Kompetenzen können in ganz unterschiedlichen
Lebensbereichen erworben werden, nicht nur im Beruf. Auch deshalb
stellt die biografische Kompetenzanalyse eine so zukunftsweisende
Methode dar. Bei der Suche nach Ihren Kompetenzen werden Sie sich
also nicht ausschließlich auf die Analyse Ihres bisherigen
Berufslebens beschränken, sondern in jedem Lebensstrang können Sie
Kompetenzen erworben haben.
Übung 6: Spurensuche nach
Kompetenzen im KAIROS-Datenchart
Um ein erstes Gespür für Ihre Kompetenzen
zu bekommen, lade ich Sie ein, dass Sie zunächst drei Szenen aus
Ihrem Leben auswählen, in denen Sie sich »kompetent«, also fähig
und erfolgreich, gefühlt haben. Diese werden Sie zunächst intuitiv
und im Überblick auf Kompetenzen untersuchen. Beschränken Sie sich
dabei nicht nur auf Ihre Berufsbiografie. Unsere Protagonisten
haben zum Beispiel diese Szenen für eine Kompetenzanalyse
ausgewählt:
-
Stefanie: Organisation der Feier meines 30. Geburtstags
-
Christina: »Das letzte Spiel« – Abschied von meiner Hockeykarriere
-
Thomas: Die Aufnahmeprüfung zur Schauspielschule vorbereiten und bestehen
Wählen Sie nun selbst drei solcher
Szenen aus Ihrer Biografie aus; führen Sie sich dann noch einmal
die Leitfragen für Kompetenzen vor Augen:
-
Personale Kompetenz: wie ich mit mir selbst umgehe, was mich ausmacht
-
Fachliche Kompetenzen: meine fachlich gelernten Voraussetzungen
-
Methodische Kompetenz: wie ich an Dinge/Aufgaben/Probleme herangehe
-
Soziale Kompetenz: wie ich mit anderen umgehe
Schreiben Sie nun separat für jede
ausgewählte Szene auf, welche Kompetenzen darin sichtbar wurden.

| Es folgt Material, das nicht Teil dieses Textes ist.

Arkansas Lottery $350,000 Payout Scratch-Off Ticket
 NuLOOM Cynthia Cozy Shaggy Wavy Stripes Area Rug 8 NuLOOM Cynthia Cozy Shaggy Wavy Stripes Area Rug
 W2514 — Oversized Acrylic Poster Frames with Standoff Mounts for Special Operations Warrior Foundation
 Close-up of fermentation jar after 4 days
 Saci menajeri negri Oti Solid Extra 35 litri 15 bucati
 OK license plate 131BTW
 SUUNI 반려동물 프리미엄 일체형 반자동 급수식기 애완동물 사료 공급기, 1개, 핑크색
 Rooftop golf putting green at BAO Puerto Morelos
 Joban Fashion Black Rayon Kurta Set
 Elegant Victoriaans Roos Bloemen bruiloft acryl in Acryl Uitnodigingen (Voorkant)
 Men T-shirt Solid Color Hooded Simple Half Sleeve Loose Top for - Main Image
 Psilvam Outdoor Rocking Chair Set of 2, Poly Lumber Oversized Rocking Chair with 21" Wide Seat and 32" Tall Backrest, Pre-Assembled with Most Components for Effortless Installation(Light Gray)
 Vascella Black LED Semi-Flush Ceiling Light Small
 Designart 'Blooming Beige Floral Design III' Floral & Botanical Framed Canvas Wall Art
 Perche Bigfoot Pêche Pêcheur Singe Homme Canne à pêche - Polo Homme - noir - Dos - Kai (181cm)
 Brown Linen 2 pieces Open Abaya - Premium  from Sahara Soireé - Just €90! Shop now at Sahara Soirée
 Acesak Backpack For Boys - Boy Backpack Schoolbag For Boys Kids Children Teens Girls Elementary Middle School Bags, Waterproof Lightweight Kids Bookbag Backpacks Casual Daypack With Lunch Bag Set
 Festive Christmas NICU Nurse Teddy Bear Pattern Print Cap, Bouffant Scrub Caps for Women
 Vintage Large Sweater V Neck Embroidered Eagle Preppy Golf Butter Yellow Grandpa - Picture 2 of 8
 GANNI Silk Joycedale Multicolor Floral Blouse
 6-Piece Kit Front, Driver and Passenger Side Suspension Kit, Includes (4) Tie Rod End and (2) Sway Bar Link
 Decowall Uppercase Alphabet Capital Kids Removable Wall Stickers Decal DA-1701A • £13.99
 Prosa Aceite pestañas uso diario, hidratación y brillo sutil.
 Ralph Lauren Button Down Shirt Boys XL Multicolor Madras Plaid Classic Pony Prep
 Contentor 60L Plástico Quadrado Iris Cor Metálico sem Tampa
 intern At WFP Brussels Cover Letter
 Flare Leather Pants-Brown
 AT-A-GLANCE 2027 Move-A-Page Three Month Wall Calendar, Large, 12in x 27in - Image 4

Zur Anregung können Sie sich die Kompetenzliste im Anhang dieses
Buchs anschauen. Vielleicht kommt auch die eine oder andere
Kompetenz unserer Protagonisten bei Ihnen vor? Stellen Sie jedoch
in jedem Fall einen Bezug zu Ihrer eigenen Biografie her und
übernehmen Sie nicht einfach Begriffe, die Ihnen gut
gefallen.
Hier die Kompetenzen unserer
Protagonisten:
Christina:
-
Personale Kompetenzen: Durchhaltevermögen, Lernhaltung
-
Soziale Kompetenzen: Offenheit für Andersartigkeit, Perspektivübernahme
-
Methodische Kompetenzen: Projektmanagement, Analysefähigkeit
-
Fachliche Kompetenzen: Sozialmanagement, Europäisches Vergaberecht für Förderung von Sozialprojekten
Stefanie:
-
Personale Kompetenzen: Lernwille, Intuition
-
Soziale Kompetenzen: Menschenkenntnis, Interkulturelle Offenheit (Augenhöhe)
-
Methodische Kompetenzen: Intuitives Organisationsvermögen, Fremdsprachenkompetenz
-
Fachliche Kompetenzen: Touristikbranchen-Wissen, neu: Trainingsgestaltung, alt: Finanzbuchhaltung (aber ohne Elan, daher keine zentrale Kompetenz mehr)
Thomas:
-
Personale Kompetenzen: Bereitschaft zur Selbstentwicklung, Entspanntheit
-
Soziale Kompetenzen: Empathie, Integrationsvermögen
-
Methodische Kompetenzen: Zeitmanagement, Textaneignung
-
Fachliche Kompetenzen: Charaktere darstellen können (Schauspiel), Umgang mit Sprache und Sprechen
Schreiben Sie auf, was – auf den
ersten Blick und eher intuitiv betrachtet – Ihre Kompetenzen in
jedem der vier Kompetenzbereiche sind. Notieren Sie die Antworten
auf einem Blatt Papier; diese können Ihnen als erste Orientierung
dienen.
Die nächste Übung zur Kompetenzanalyse ist
wesentlich genauer, allerdings auch zeitaufwändiger. Trotzdem:
Machen Sie sich die Mühe, denn so werden Sie sich einen stolzen
Fundus an Kompetenzen erarbeiten, der nicht auf Ihrer Vorstellung
beruht, sondern auf den Fakten Ihrer Biografie.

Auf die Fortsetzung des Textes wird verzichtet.